* [PROBLEM STATEMENT]
Could all of the entries be written out exactly, with any pictures omitted?
-------- RECORDS SUPPLIED --------
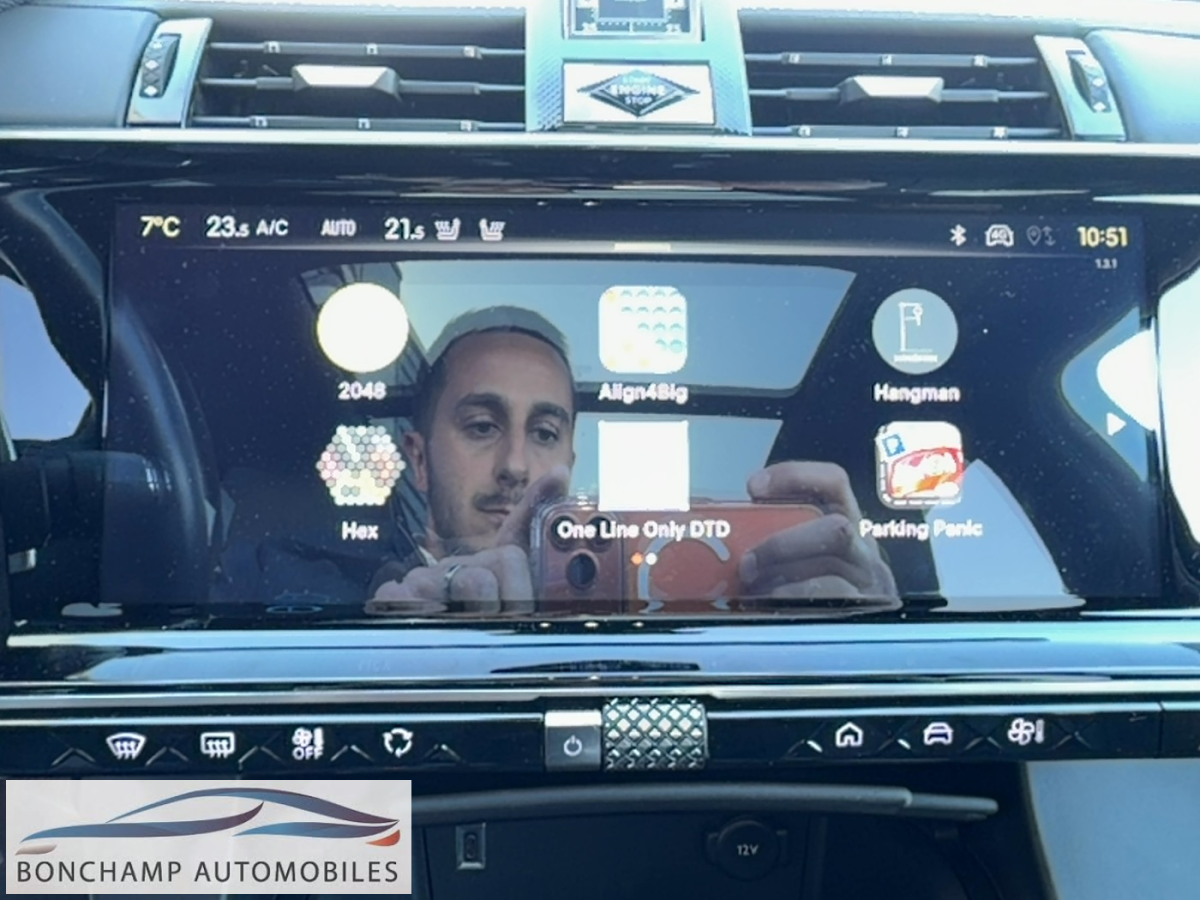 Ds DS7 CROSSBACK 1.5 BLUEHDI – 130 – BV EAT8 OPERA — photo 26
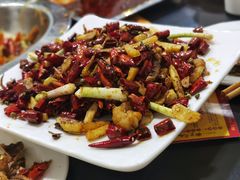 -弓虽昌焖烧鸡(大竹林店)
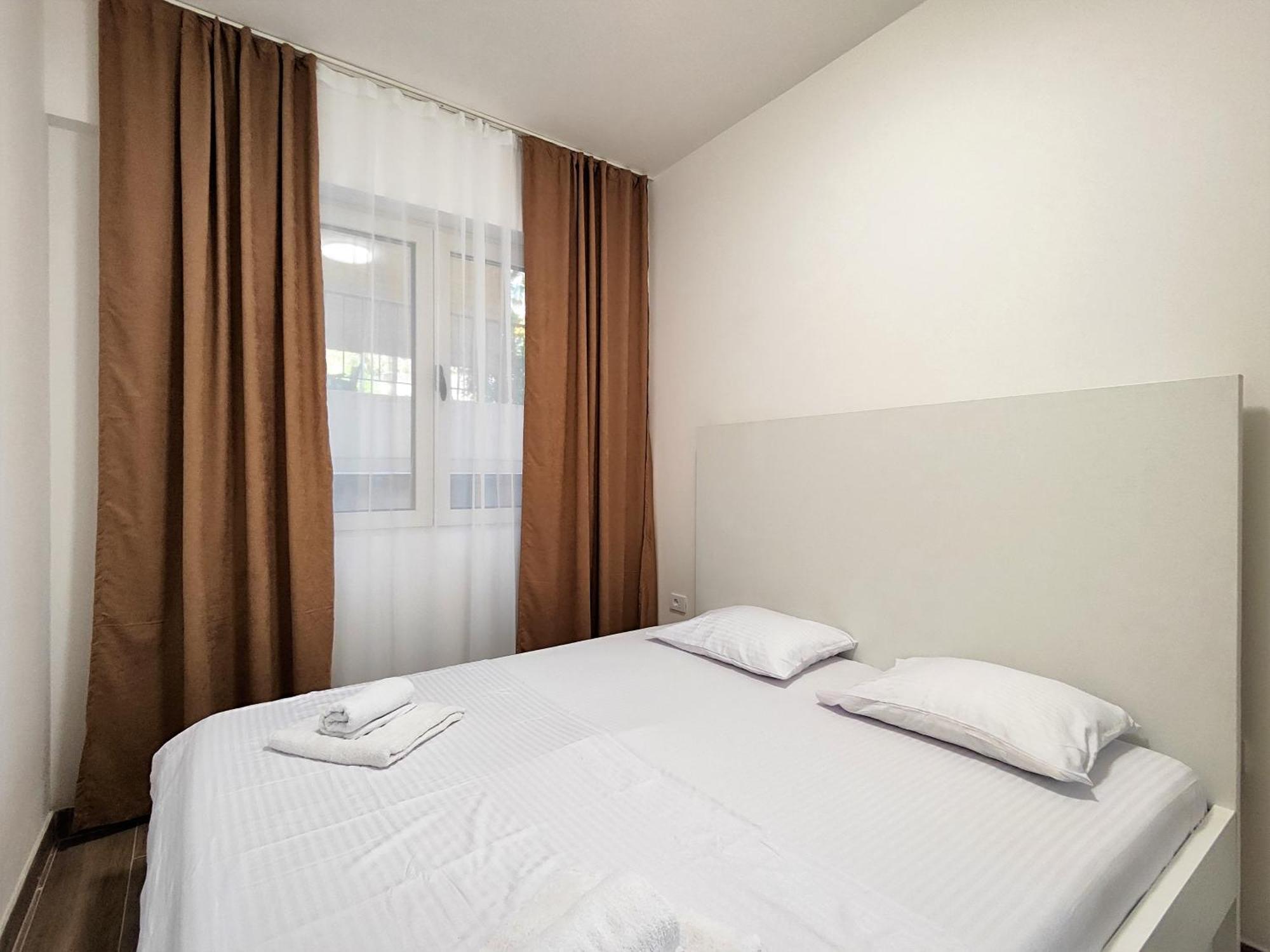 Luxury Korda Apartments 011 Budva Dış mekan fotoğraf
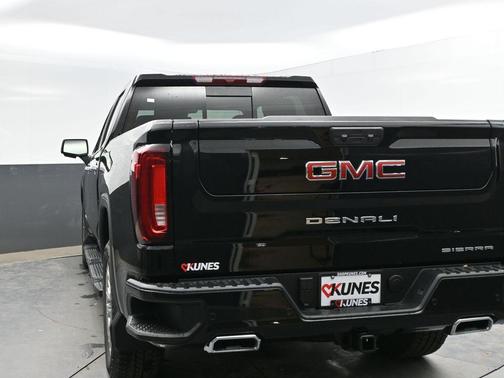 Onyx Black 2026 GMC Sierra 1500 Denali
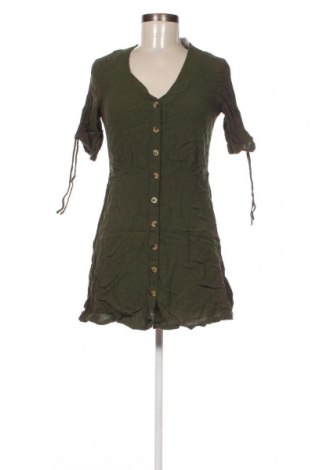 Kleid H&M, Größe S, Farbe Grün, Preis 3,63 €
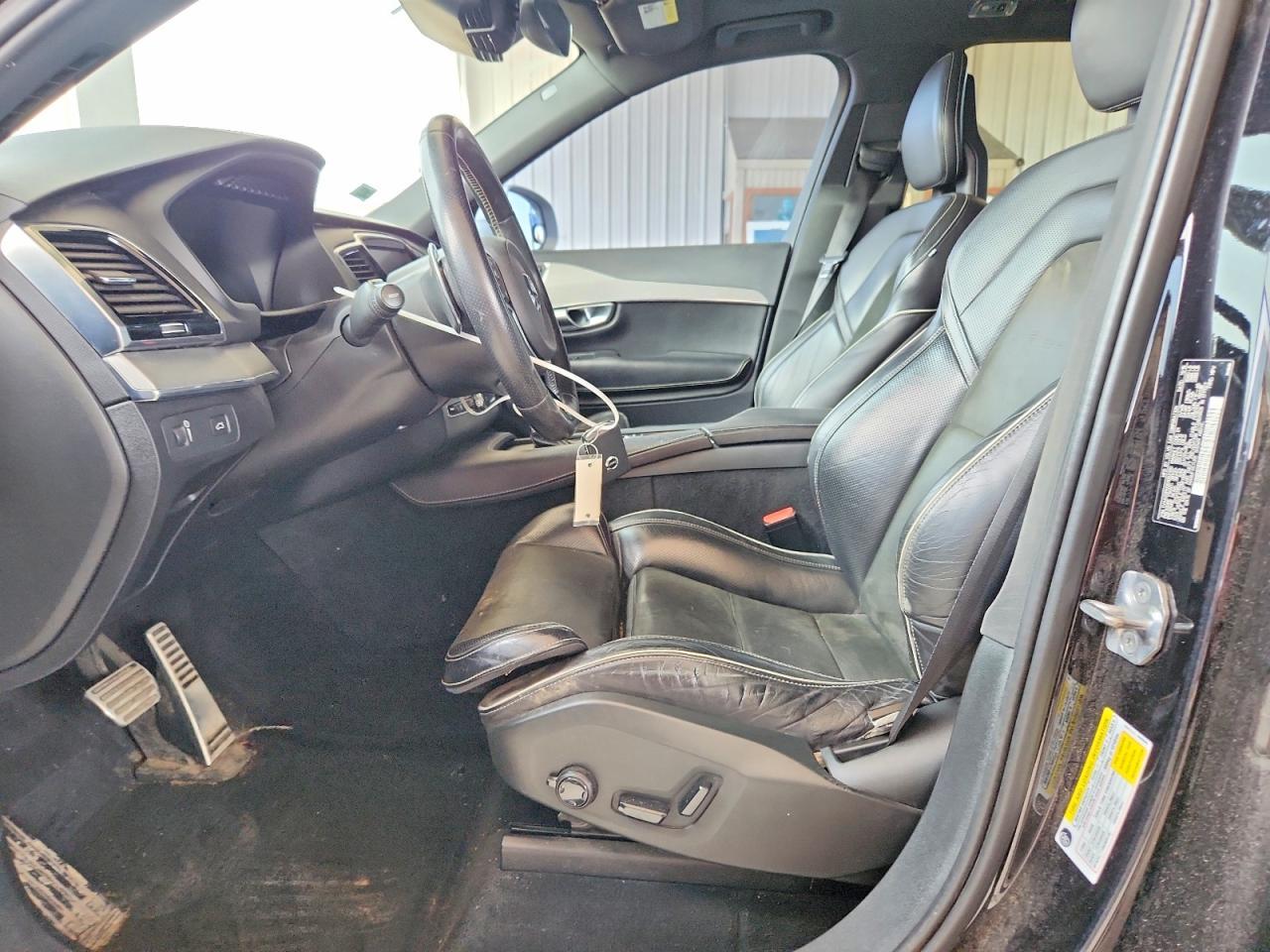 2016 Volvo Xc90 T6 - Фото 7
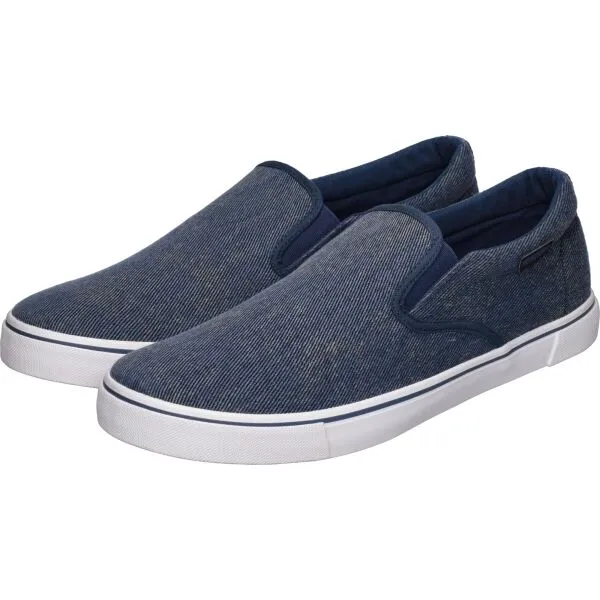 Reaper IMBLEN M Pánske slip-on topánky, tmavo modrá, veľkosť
--------
* [ANSWER TO THIS EXERCISE]
 Ds DS7 CROSSBACK 1.5 BLUEHDI – 130 – BV EAT8 OPERA — photo 26
 -弓虽昌焖烧鸡(大竹林店)
 Luxury Korda Apartments 011 Budva Dış mekan fotoğraf
 Onyx Black 2026 GMC Sierra 1500 Denali
 Kleid H&M, Größe S, Farbe Grün, Preis 3,63 €
 2016 Volvo Xc90 T6 - Фото 7
 Reaper IMBLEN M Pánske slip-on topánky, tmavo modrá, veľkosť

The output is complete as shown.